Many of the wooden houses built with Dade County pine that belonged to her forebears have been replaced by concrete dwellings. Front porches that served as living rooms for friends and family to gather exist only in memory.

The Gibson Memorial Fund was incorporated in 1983 in memory of the late Reverend Gibson and his legacy as a civil rights leader. Ms. Gibson still sits on the board. The organization helps bridge gaps between diverse groups and works toward acquiring land designated for education and affordable housing.

Ms. Gibson bemoans the loss of legacy for the West Grove, while acknowledging that change isn’t unique to Miami. She hopes developers of new units will take heed.

“I’ve lived in this neighborhood for so long and have seen so many things happening,” she says. “I have told people the importance of keeping land here, but some have moved back to Georgia, where they had other land. Others can’t afford to live in the Grove anymore, and have moved elsewhere in Miami-Dade. My role now is to tell developers to be sure that some parts of the Grove stay affordable.”

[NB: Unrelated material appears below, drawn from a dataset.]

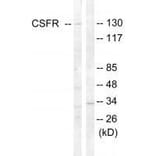 Western blot - CSFR (Ab-809) Antibody from Signalway Antibody (33156) - Antibodies.com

Ms. Gibson says ‘There is only one you’

“I don’t want anyone to talk about me when I’m dead,” she continues. “I won’t know it and I won’t hear it. It’s not about me. All these things I’ve gone through — I’ve lived them to make my community a better place.”

Despite shying away from praise, Ms. Gibson has touched the lives of many who still show gratitude for her courage. She receives an abundance of flowers, especially orchids — her favorite. “I don’t see a day without flowers somewhere,” she says.

Recently, Ms. Gibson opened a birthday card from a woman who worked as a receptionist at Mount Sinai in 1967 and had never forgotten Ms. Gibson’s words of encouragement: “there is only one you.”

Ms. Gibson was then head nurse and insisted the receptionist demand a proper address. “I told her she should be called by her last name,” she recounts. “I said: ‘We’re going to make this a professional place. We’re going to respect each other and our patients.”

“You just never know what impact you will have on someone’s life,” she continues. “The little things make a difference in helping people.”


Do you have a wish for the Grove?
I would like to see people of color do more than they’re paid to do. Think of the Stirrups, who were able to build this area and become wealthy with little or nothing. And if we had more young blacks see how important that is, that there’s so much they can do, they could come back and do it. I’m proud of what the Stirrup family is trying to do because we never had a real hotel in the colored section. That would be an opportunity. I’d like to see more of that happening among blacks on Grand Avenue.

What is your passion?
I enjoy prayer. Praying for others. Doing for others. Praying so that others have a better way of life.

What do you love most about the Grove?
The atmosphere. Living here knowing where our people, colored people, could carve out a place to live. I enjoy living here.

What makes the heart of the Grove beat?
The young people who are coming to the area. Businesses that can thrive and hire people who can work and live in the same area. There are training programs to work in cafeterias. We have programs that can help people get better jobs as a result of training.

What is your superpower?
To be able to have people listen to my pleas. I’m always pleading for something or other to build a better community. I’ve been fortunate that some people have listened and responded in a positive way. I have the gift of gab.